Asked if the revenue is meaningful, Rogerson said “yes, the terms were sufficiently in line with our expectations that we signed on a multi-year basis” adding that reports of Facebook paying multi-millions over multiple years sounded right.
But he linked Facebook’s motivations with the definite sense that “regulators are going to step in and force payments on content” in the coming months and years.
Peter Wright, editor emeritus at Mail, Metro and i publisher DMG Media, said: “The money is good enough to be worth doing a deal. It isn’t a complete game changer and I think it is important to stress that it’s a bespoke product which Facebook have created – they can turn it off, switch it on, add to it, subtract from it, as they wish.
“It isn’t payment for all the content that Facebook use across all their services, and it isn’t a Facebook core service in the way that their News Feed is, but it is most certainly a step in the right direction and we welcome it, and we will be very interested to see how it pans out and whether it delivers as promised.”

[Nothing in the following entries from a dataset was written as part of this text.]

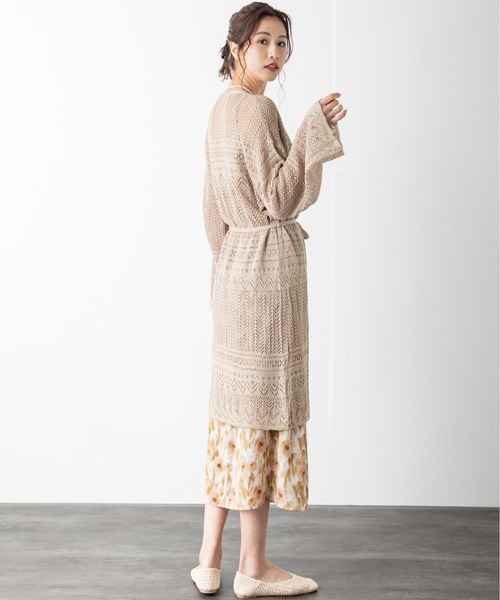 MILLION CARATS（ミリオンカラッツ）の「さらりと羽織ればワンランク上の大人スタイルへ！クロシェ編みから覗く肌見せでシーズンムードを高めるロングカーディガン（ニット/セーター・レディース・ブラック/ベージュ/オフホワイト/カーキ/ブラウン・FREE）」の16枚目の写真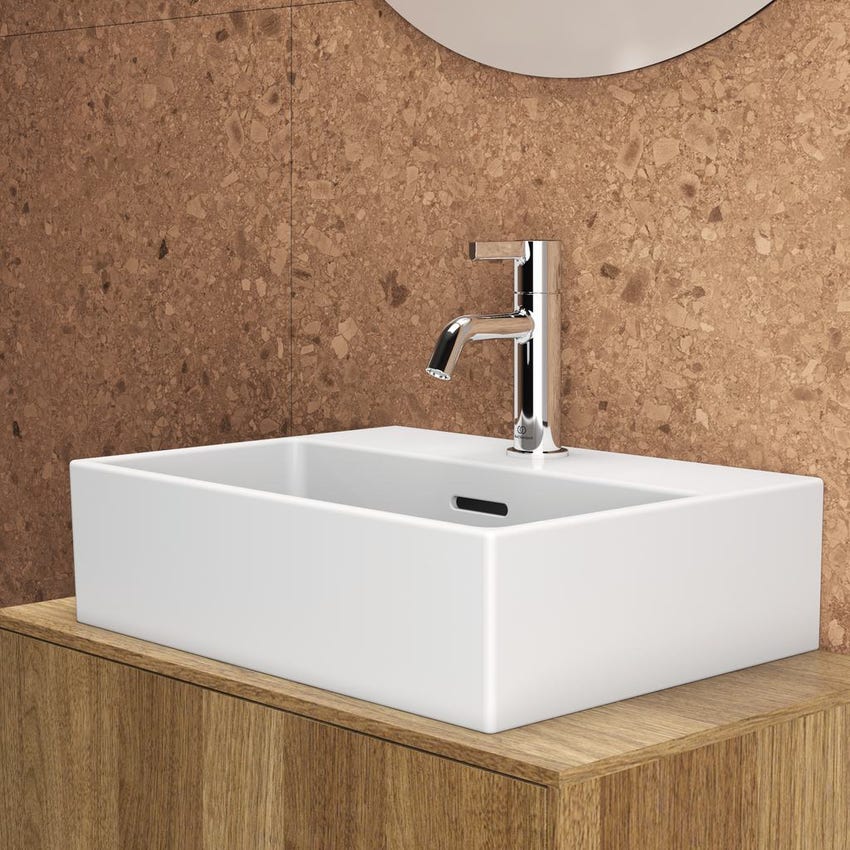 Immagine di Ideal Standard EXTRA lavamani rettificato sospeso o da appoggio L.45 cm, monoforo, con troppopieno, colore bianco T391701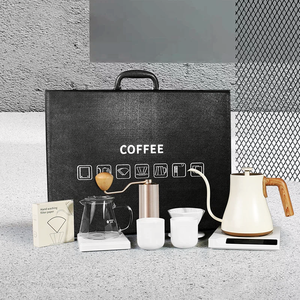 Kit Premium per Caffè Macinato a Mano con Custodia <span class=keywords><strong>in</strong></span> Pelle PU, Bollitore Elettrico, Macinacaffè Manuale, Set 9-<span class=keywords><strong>in</strong></span>-1 <span class=keywords><strong>in</strong></span> Confezione Regalo Aziendale per Clienti - Product Image 5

Gary Shipton, editorial director at Yorkshire Post and Scotsman publisher JPI Media, said: “Facebook News is a step in the right direction and anything which raises the profile of trusted news produced by professionals has got to be. But whatever we do it mustn’t distract us from [fighting for] a fair payment model.”
Ian Carter, editorial director at Iliffe Media, which has signed up with Facebook News, said on Twitter that it marked a “significant moment for UK media”, adding: “Payment for content has been a long time coming and this is a big step towards a new model for journalism.”
Dan Russell, head of social media and engagement at Reach, tweeted: “It has taken months to get across the line but it is here. Is it going to be good for publishers? Is it going to be industry defining? We will see. Is it a step in the right direction? Yes.”